Season launch at the Causeway Hall. Photo: Olivia Wenholz

At a lively event onstage at the Causeway Hall in Kingston, ACT Hub unveiled an ambitious season of 11 productions and a mini-festival of plays on Thursday evening.

Theatre followers will recall that in April 2022, the hall became home to Everyman Theatre, Chaika Theatre and Free-Rain Theatre Company, coming together as an independent performance team that has quickly come to prominence in the local theatre scene.

The 2025 line-up includes a new Australian family drama, a Lorca classic, ACT Hub’s first Shakespeare, a co-production and return seasons of two former successes for Everyman Theatre.

Next year will also see the introduction of the inaugural Hub Fest, which will offer in-kind support to produce three different productions of Australian works during February.

Opening in January is a co-production between ACT Hub and Lachlan Herring’s new Red Herring Theatre Company. Mojo by Jez Butterworth is a thriller which takes a look at the amphetamine-fuelled London rock scene of the 1950s. That will be directed by Lachlan Houen, also on Canberra Rep’s list of directors for the year.

In March, Chaika Theatre’s Karen Vickery will stage Lorca’s The House of Bernarda Alba in an adaption by Vickery and Andrea Garcia , while in May, Everyman Theatre presents the Irish romantic drama, If We Got Some More Cocaine I Could, in which two boys are stuck on a roof together. Joel Horwood, also on Rep’s line-up, is the director.

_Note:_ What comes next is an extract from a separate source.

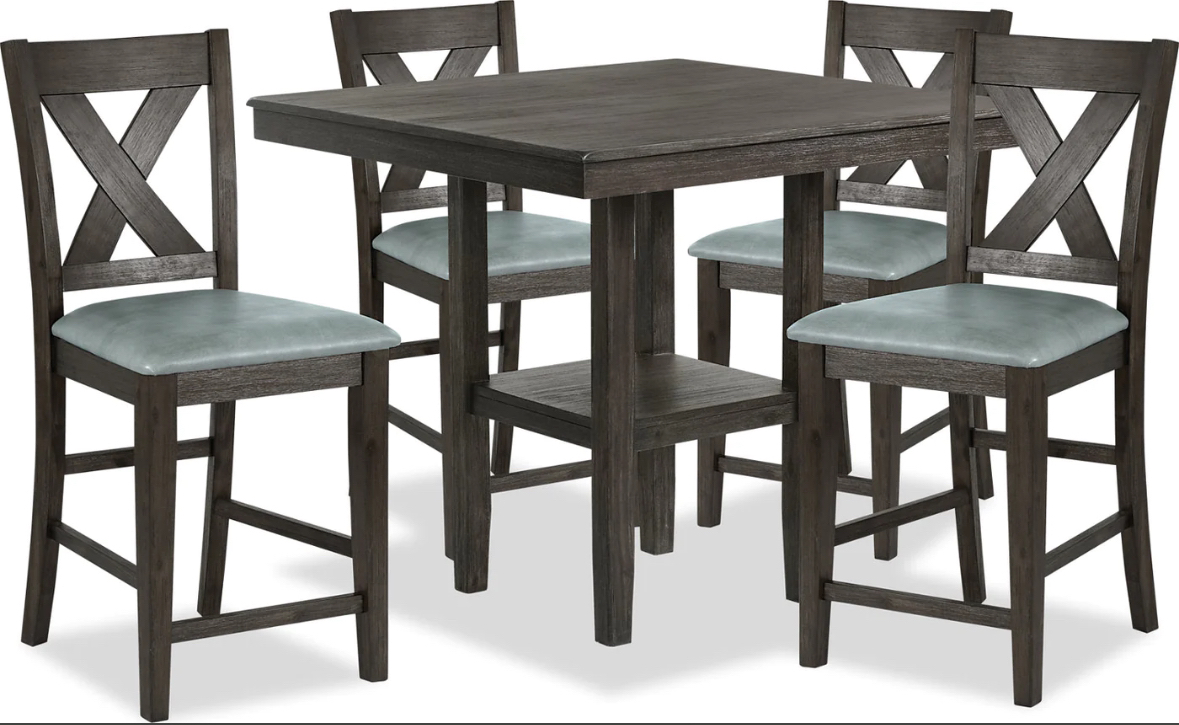 5 piece dining set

Noel Coward’s Present Laughter runs in June, directed by Vickery and billed as a ridiculous night at the theatre, before Free-Rain Theatre kicks off the year in late June with Martin McDonagh’s darkly comic play, The Beauty Queen of Leenane, directed by Cate Clelland.

Caitlin Baker, who stepped in this year to direct Chaika’s Seagull, will stage Julius Caesar from July to August and threatens to bring this political play “kicking and screaming into the 21st century.”

Staged under the broader ACT Hub banner in in late August will be Every Lovely Terrible Thing, a new Australian play that examines why families stay together, directed by Houen.

Introducing an entirely different mood, Free-Rain Theatre will present the popular farce Lend Me A Tenor in September, then in October, also with entertainment in mind, Everyman Theatre will revive the off-Broadway hit Musical of Musicals (the Musical!), which it successfully staged in 2009 and 2013, before ACT Hub was even thought of. Former cast member Hannah Ley will return from the UK for the show.

Anne Somes directs, Peter Shaffer’s Equus in November, in which a psychiatrist treats a terrified boy who has committed a crime against six horses.

Hand to God, a blasphemous black comedy with puppets and first staged by Everyman in ACT Hub’s first year, returns to usher in the silly season with what the company is calling “a demonic bang”.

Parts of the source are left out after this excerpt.